Como pasaba por allí Simón de Cirene, padre de Alejandro y de Rufo, que regresaba del campo, lo obligaron a llevar la cruz de Jesús. Y condujeron a Jesús a un lugar llamado Gólgota, que significa: “lugar del Cráneo”.

Le ofrecieron vino mezclado con mirra, pero él no lo tomó.

Después lo crucificaron. Los soldados se repartieron sus vestiduras, sorteándolas para ver qué le tocaba a cada uno.

Ya mediaba la mañana cuando lo crucificaron.

La inscripción que indicaba la causa de su condena decía: “El rey de los judíos”.

Con él crucificaron a dos ladrones, uno a su derecha y el otro a su izquierda.

Los que pasaban lo insultaban, movían la cabeza y decían: “¡Eh, tú, que destruyes el Templo y en tres días lo vuelves a edificar,
sálvate a ti mismo y baja de la cruz!”.

De la misma manera, los sumos sacerdotes y los escribas se burlaban y decían entre sí: “¡Ha salvado a otros y no puede salvarse a sí mismo!

Es el Mesías, el rey de Israel, ¡que baje ahora de la cruz, para que veamos y creamos!”. También lo insultaban los que habían sido crucificados con él.
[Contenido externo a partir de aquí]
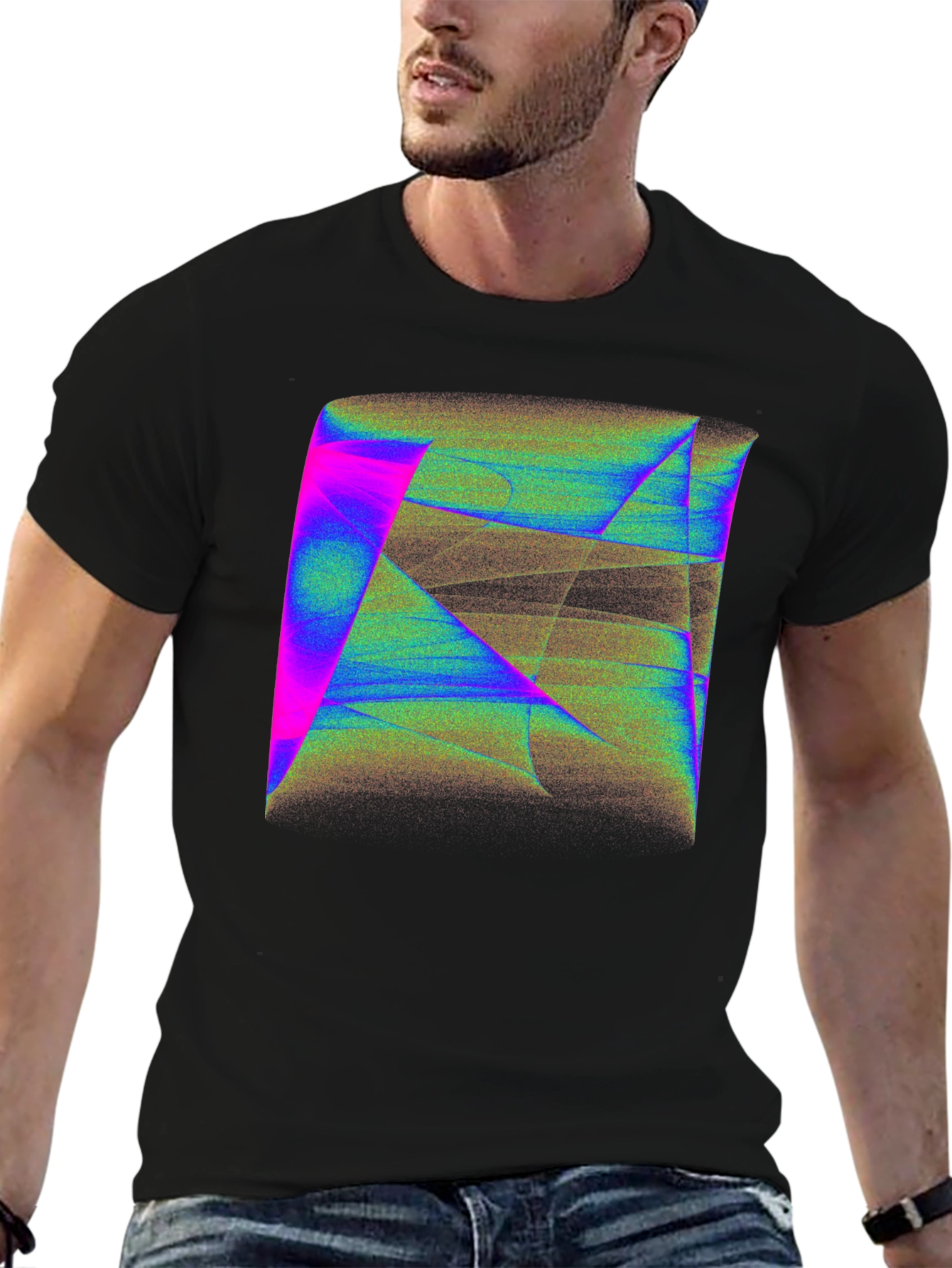 Black Abstract Geometric Art Men's Black T-Shirt view 6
Al mediodía, se oscureció toda la tierra hasta las tres de la tarde; y a esa hora, Jesús exclamó en alta voz: “Eloi, Eloi, lamá sabactani”, que significa: “Dios mío, Dios mío, ¿por qué me has abandonado?”.

Algunos de los que se encontraban allí, al oírlo, dijeron: “Está llamando a Elías”.

Uno corrió a mojar una esponja en vinagre y, poniéndola en la punta de una caña le dio de beber, diciendo: “Vamos a ver si Elías viene a bajarlo”.

Entonces Jesús, dando un gran grito, expiró.

El velo del Templo se rasgó en dos, de arriba abajo.

Al verlo expirar así, el centurión que estaba frente a él, exclamó: “¡Verdaderamente, este hombre era Hijo de Dios!”.

Había también allí algunas mujeres que miraban de lejos. Entre ellas estaban María Magdalena, María, la madre de Santiago el menor y de José, y Salomé, que seguían a Jesús y lo habían servido cuando estaba en Galilea; y muchas otras que habían subido con él a Jerusalén.

Era día de Preparación, es decir, víspera de sábado. Por eso, al atardecer, José de Arimatea -miembro notable del Sanedrín, que también esperaba el Reino de Dios- tuvo la audacia de presentarse ante Pilato para pedirle el cuerpo de Jesús.

Pilato se asombró de que ya hubiera muerto; hizo llamar al centurión y le preguntó si hacía mucho que había muerto.

Informado por el centurión, entregó el cadáver a José.

Este compró una sábana, bajó el cuerpo de Jesús, lo envolvió en ella y lo depositó en un sepulcro cavado en la roca. Después, hizo rodar una piedra a la entrada del sepulcro.

María Magdalena y María, la madre de José, miraban dónde lo habían puesto.